Deprem Jeofizigi Bilimi SİSMOLOJİ'nin Ülkemizde Yerleşmesi, Büyümesi ve Tanınması için 50 YıLA yakındır Jeofizik Mühendisliğine kendisini adamış Prof.Dr. ÖMER ALPTEKİN hocamız, Türkiye'de Jeofiziğin Gelişimi ve Geleceği başlıklı bir konuşma yapmak üzere, TMMOB Jeofizik Mühendisleri Odası İstanbul Şubesinde seminer verecek.

Jeofiziğin Tarihçesi: İki Belirgin Dönem

Jeofiziğin tarihine göz attığımızda, iki önemli dönemi belirleyebiliriz.

1. Klasik ve Gözlemsel Dönem: Merak ve Keşif

 Bu dönem, aletsel çalışmaların henüz olmadığı, insanların doğaya olan merakı ve bilimsel gelişmeye duydukları ilgiyle şekillenmiştir. Ancak, bu çalışmaların tarihi çok eskiye dayanmaktadır. M.Ö. 240 civarında, Eratosthenes güneş ışınlarının geometrisini kullanarak ilk kez Dünya'nın çevresini ölçmüştür. Ancak bu döneme ait detaylar sınırlıdır ve genellikle ansiklopedik kaynaklarda yer almaktadır.

Aristoteles'in "Meteoroloji" adlı eserinde depremler hakkında bazı bilgilere rastlanmıştır.
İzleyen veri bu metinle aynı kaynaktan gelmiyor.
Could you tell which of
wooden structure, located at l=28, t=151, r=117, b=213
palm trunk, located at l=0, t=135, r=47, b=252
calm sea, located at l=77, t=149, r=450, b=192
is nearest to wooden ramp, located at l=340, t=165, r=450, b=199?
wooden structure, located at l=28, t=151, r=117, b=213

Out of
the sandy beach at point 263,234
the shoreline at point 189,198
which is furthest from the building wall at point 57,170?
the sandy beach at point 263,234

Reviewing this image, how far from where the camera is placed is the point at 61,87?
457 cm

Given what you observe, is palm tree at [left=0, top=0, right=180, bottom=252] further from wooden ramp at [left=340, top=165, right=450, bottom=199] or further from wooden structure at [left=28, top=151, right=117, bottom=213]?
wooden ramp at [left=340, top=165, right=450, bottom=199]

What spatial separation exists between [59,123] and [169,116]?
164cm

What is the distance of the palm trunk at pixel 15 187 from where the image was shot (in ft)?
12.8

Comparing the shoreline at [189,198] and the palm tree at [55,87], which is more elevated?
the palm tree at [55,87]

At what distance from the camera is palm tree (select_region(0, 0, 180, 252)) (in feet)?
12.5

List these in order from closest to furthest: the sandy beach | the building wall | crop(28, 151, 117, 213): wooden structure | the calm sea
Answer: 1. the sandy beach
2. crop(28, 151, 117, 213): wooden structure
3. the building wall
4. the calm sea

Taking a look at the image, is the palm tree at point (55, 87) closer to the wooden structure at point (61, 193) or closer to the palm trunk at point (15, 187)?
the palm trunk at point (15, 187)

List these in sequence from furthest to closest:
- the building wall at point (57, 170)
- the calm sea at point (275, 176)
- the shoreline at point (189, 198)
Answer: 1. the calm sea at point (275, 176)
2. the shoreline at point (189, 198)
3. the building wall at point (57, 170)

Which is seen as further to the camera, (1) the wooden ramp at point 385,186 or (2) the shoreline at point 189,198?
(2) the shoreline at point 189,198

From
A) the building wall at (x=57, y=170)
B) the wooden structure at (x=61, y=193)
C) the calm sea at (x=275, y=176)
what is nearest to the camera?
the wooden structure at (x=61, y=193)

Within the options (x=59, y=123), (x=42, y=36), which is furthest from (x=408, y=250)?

Ayrıca, Aristo ve Strabon gibi bilginler, med-cezir gibi doğal olayları gözlemlemişlerdir. Bu gözlemler M.Ö. 490-430 yılları arasında, özellikle Yunan düşünürlerinin yer, hava, ateş ve sıvı gibi kavramları inceledikleri dönemde gerçekleşmiştir. Ayrıca, depremlerin volkanik faaliyetlerle ilişkili olabileceği düşünülmüş, ancak doğrudan bir bağlantı kurulamamıştır.

2. Aletsel ve Analitik Dönem: Bilimin Yükselişi

Jeofiziğin önemli dönüm noktalarından biri, aletlerin ve analitik yöntemlerin kullanılmaya başlandığı dönemdir. Bu döneme ait ilk modern bilimsel çalışma, 1600 yılında yazılan William Gilbert'in "De Magnete" adlı eseridir. Daha sonra, 1687'de Isaac Newton'un "Principia" adlı eseri, klasik mekaniğin ve gravitasyonun jeofizik olayların açıklanmasında kullanılabileceğini ortaya koymuş ve temel araştırmaları başlatmıştır.

Deneysel ve Matematiksel Çalışmaların Hızlanması

Bu tarihten sonra, jeofiziği ilgilendiren birçok konuda deneysel ve matematiksel çalışmalar hız kazanmıştır. Örneğin, yerin şekli, yoğunluğu ve yerçekimi alanı gibi konuları inceleyen bilim insanları Pierre Bouguer, Alexis Claude Clairaut ve Henry Cavendish'dir. Yerin manyetik alanıyla ilgili çalışmaları Alexander von Humboldt, Edmond Halley ve Carl Friedrich Gauss gibi bilim insanları gerçekleştirmiştir. Yerin iç yapısı ve ısı yayını ile ilgili olarak da Arthur Holmes, William Thomson ve Baron Kelvin çalışmalar yapmışlardır. Sismoloji alanında da John Milne ve Robert Mallet gibi bilim insanları önemli çalışmalar yapmışlardır. 18. ve 19. yüzyıllarda yerin su kütlesi ve dinamiği ile ilgili çalışmalar hız kazanmış, 1855'te ilk oşinografi kitabı yayımlanmıştır.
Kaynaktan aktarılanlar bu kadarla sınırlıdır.